• **Goal of the exercise**
Within the records below, reproduce without change the lines from the line that has "Compleet scherm Microsoft" through the line that has "Хозяин дачного отделения.", and only those.

• **Data listing**
##########
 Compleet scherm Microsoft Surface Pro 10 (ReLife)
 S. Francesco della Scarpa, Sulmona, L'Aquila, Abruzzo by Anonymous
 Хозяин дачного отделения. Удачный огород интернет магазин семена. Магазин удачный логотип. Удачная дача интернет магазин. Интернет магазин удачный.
##########
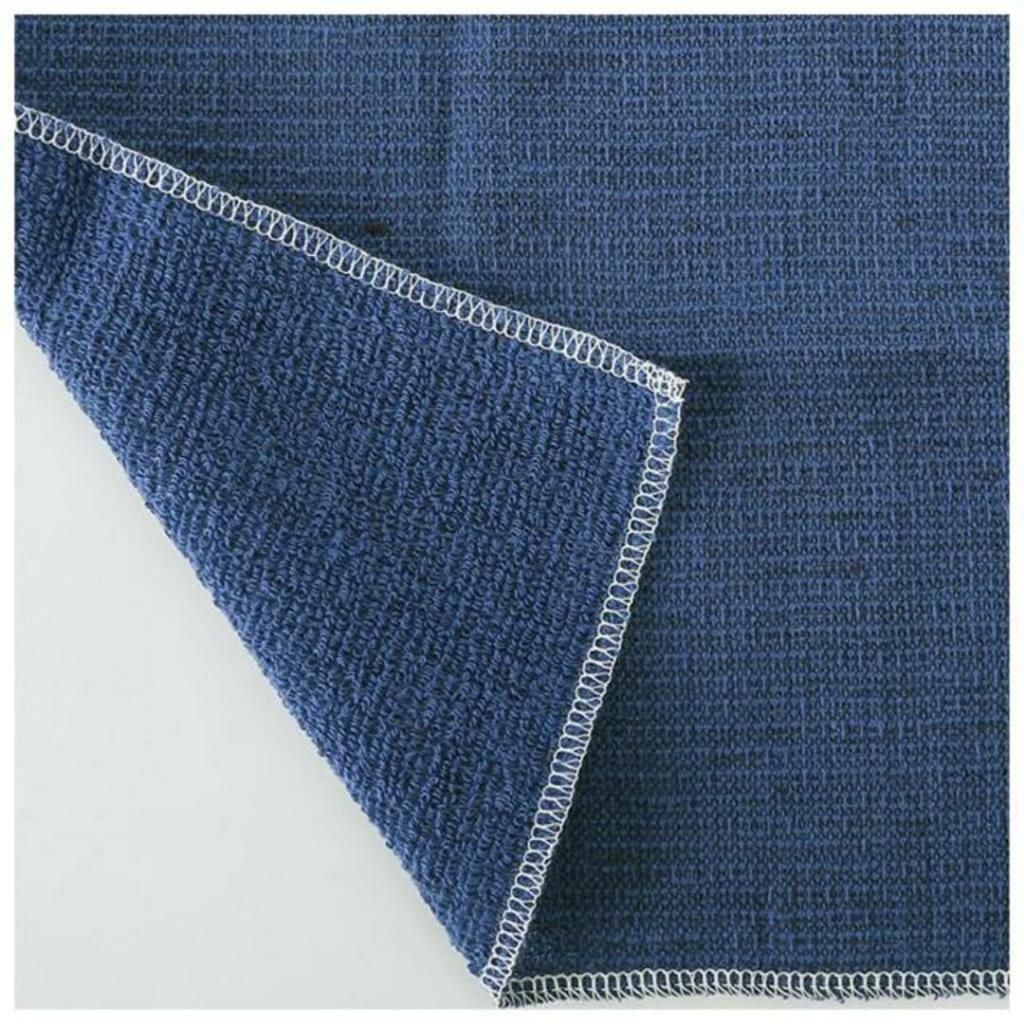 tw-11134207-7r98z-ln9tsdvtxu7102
##########
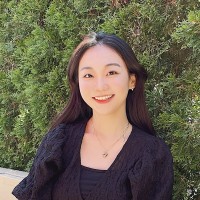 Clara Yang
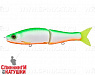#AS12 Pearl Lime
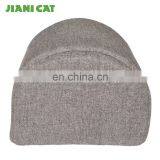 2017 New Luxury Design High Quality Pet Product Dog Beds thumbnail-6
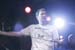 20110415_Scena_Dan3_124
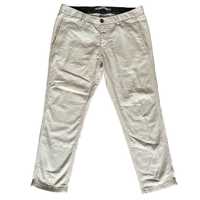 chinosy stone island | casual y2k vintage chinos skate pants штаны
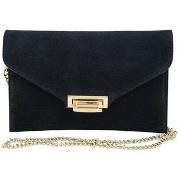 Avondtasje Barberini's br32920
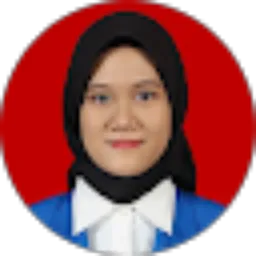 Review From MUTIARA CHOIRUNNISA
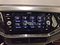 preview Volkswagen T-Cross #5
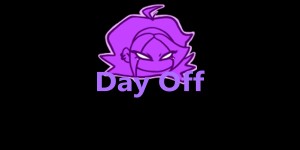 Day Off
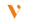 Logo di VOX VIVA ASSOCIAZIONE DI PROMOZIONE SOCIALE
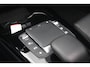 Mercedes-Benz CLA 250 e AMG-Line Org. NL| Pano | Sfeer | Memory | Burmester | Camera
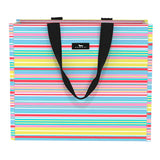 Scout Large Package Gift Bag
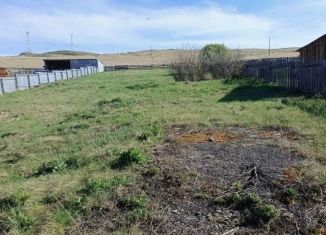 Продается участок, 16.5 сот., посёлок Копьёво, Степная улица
##########
• **Exercise solution**
 Compleet scherm Microsoft Surface Pro 10 (ReLife)
 S. Francesco della Scarpa, Sulmona, L'Aquila, Abruzzo by Anonymous
 Хозяин дачного отделения. Удачный огород интернет магазин семена. Магазин удачный логотип. Удачная дача интернет магазин. Интернет магазин удачный.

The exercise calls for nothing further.